Um dia antes foi desmontado um acampamento com mais de 200 pessoas no canal de l’Ourcq, no norte de Paris, área onde regularmente há barracas de imigrantes.

O local fica perto do parque de la Villette, onde serão instalados, durante a Olimpíada, comitês nacionais estrangeiros, as “casas” dos países, entre elas a do Brasil, que realizarão ali eventos culturais.

As autoridades informaram que moradores de rua no Canal de l’Ourcq poderiam viajar por cinco horas até Besançon, no leste da França, ou ir para um abrigo nas proximidades de Paris.

"Esses acampamentos são muito visíveis. Todos eles, com 200 pessoas ou mais, já foram desmantelados. Mas eles acabam sendo formados de novo e desmontados novamente na sequência”, diz Malgrain.

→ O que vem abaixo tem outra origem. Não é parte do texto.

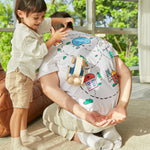 Young child pushing the PlanToys wooden sensory roller toy across a mans back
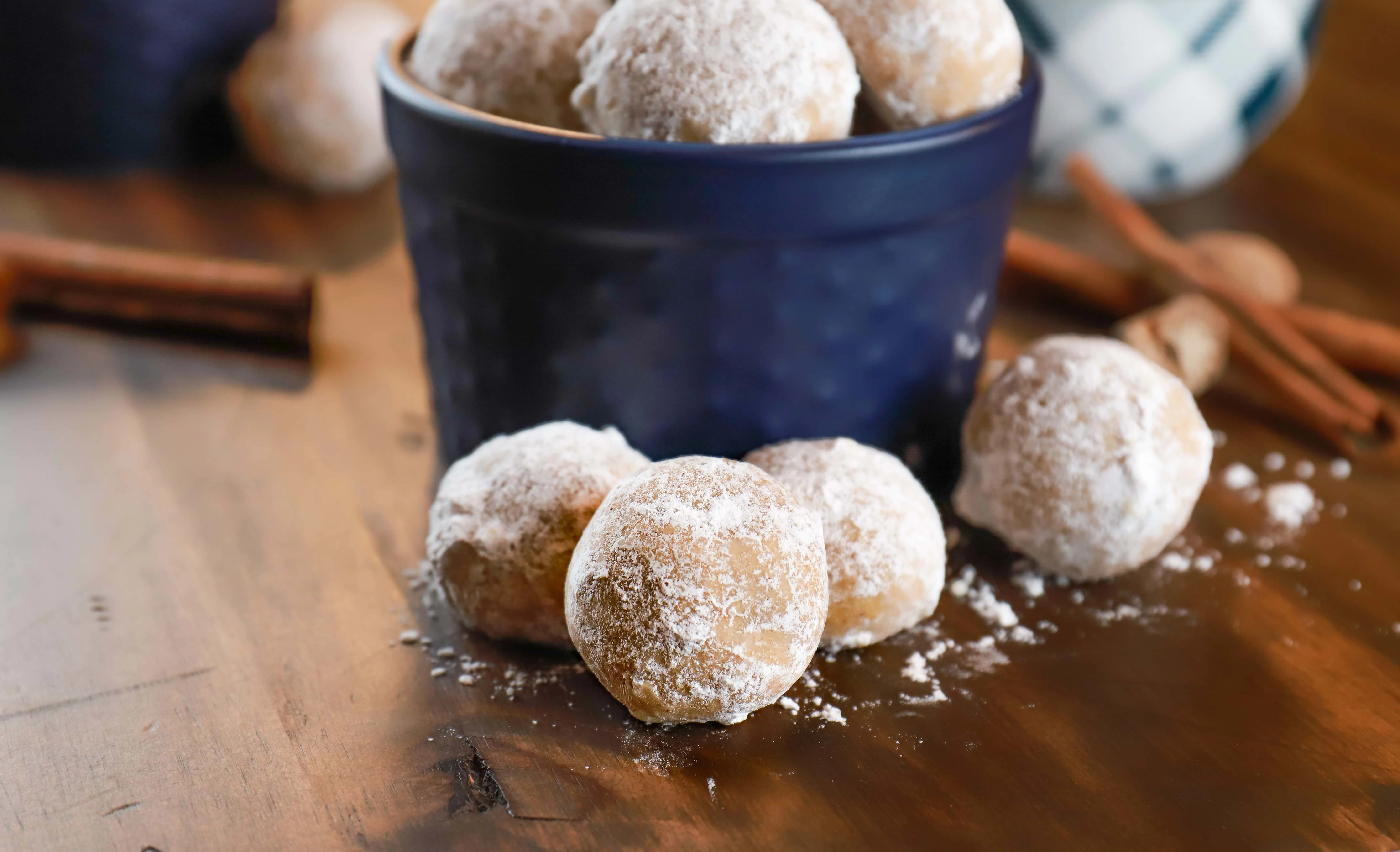 Up close image of gingerbread snowball cookies in front of a blue dish holding more gingerbread snowball cookies. Recipe from A Kitchen Addiction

Christophe Noël du Payrat, diretor de gabinete do secretário de segurança pública da região Île-de-France, que engloba Paris e periferias próximas, repetiu à imprensa francesa que a evacuação de acampamentos não tem relação alguma com as Olimpíadas e que esses locais representam problemas de insalubridade.

“Não consigo entender essa crítica de limpeza social porque nós oferecemos abrigos às pessoas”, afirma.

Com o desmonte dos acampamentos pela polícia, os sem-teto são enviados de ônibus sob ordens das autoridades de segurança pública para várias regiões da França.

O ministério do Interior pediu aos secretários de segurança pública para criar “centros regionais de hospedagem temporária” para aliviar a falta de vagas em Paris em locais especializados que acolhem moradores de rua.

Em Orléans, na região do Vale do Loire, a 120 quilômetros ao sul de Paris, o prefeito, Serge Grouard, foi um dos primeiros a denunciar, no final de março, a chegada de moradores de rua e migrantes de Paris "às escondidas", sem que ele tivesse sido informado.

Algumas centenas de pessoas foram enviadas à cidade desde o ano passado, segundo o prefeito. Ele afirmou à imprensa francesa que os abrigos de emergência em Orléans já estavam saturados e que elas foram encaminhadas para hotéis.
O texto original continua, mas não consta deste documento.